Outro ponto destacado na reunião foi o impacto regional da concorrência internacional, especialmente em polos produtivos como o Nordeste, onde a indústria têxtil, o comércio popular e os pequenos negócios têm forte peso social e econômico. O diretor Jurídico e Sindical da CNC, Alain McGregor, chamou atenção para os efeitos da medida sobre trabalhadores e microempreendedores.

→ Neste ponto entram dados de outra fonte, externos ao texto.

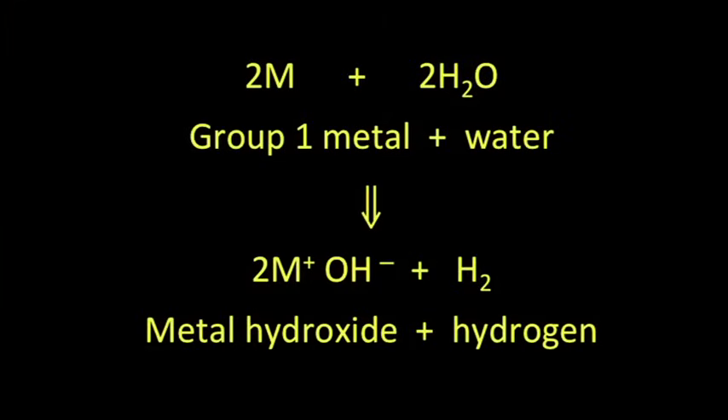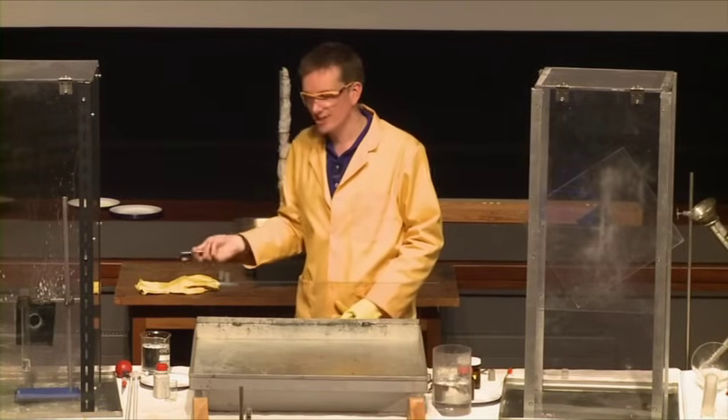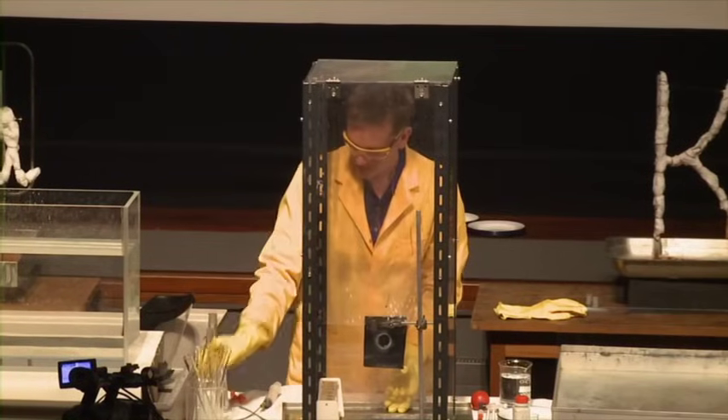So every time it's the same equation. But what we're trying to do now is see if we can tell the difference between the reactivities of the different metals. So out with the lithium, in with the sodium.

“Nós entendemos como funciona, principalmente a questão do emprego. É preciso pensar nas pessoas do Nordeste que estão perdendo renda com isso, nos pequenos e micronegócios que podem perder empregados”, declarou.


Para as entidades, a manutenção da tributação sobre importados de baixo valor não representa oposição ao comércio internacional, mas uma tentativa de reduzir distorções que prejudicam a produção nacional. A avaliação é de que o Brasil precisa encontrar equilíbrio entre acesso do consumidor a produtos mais baratos, abertura comercial, defesa dos empregos e fortalecimento das empresas que atuam dentro da legalidade no país.


No caso de Cidade Ocidental e dos municípios do Entorno, o debate se conecta diretamente ao cotidiano da população. O comércio local é responsável por empregar trabalhadores, movimentar bairros, gerar oportunidades para empreendedores e sustentar parte importante da arrecadação municipal. Por isso, decisões sobre importação e tributação não afetam apenas grandes empresas, mas também lojistas, vendedores, costureiras, entregadores, prestadores de serviço e famílias que dependem da economia regional.


Ao final da reunião, os representantes do setor produtivo reforçaram a necessidade de ampliar o diálogo sobre competitividade, carga tributária, comércio eletrônico e proteção da capacidade produtiva nacional. Para eles, qualquer decisão sobre o tema deve considerar não apenas o preço imediato para o consumidor, mas também os efeitos de longo prazo sobre emprego, renda, arrecadação e desenvolvimento econômico nos municípios brasileiros.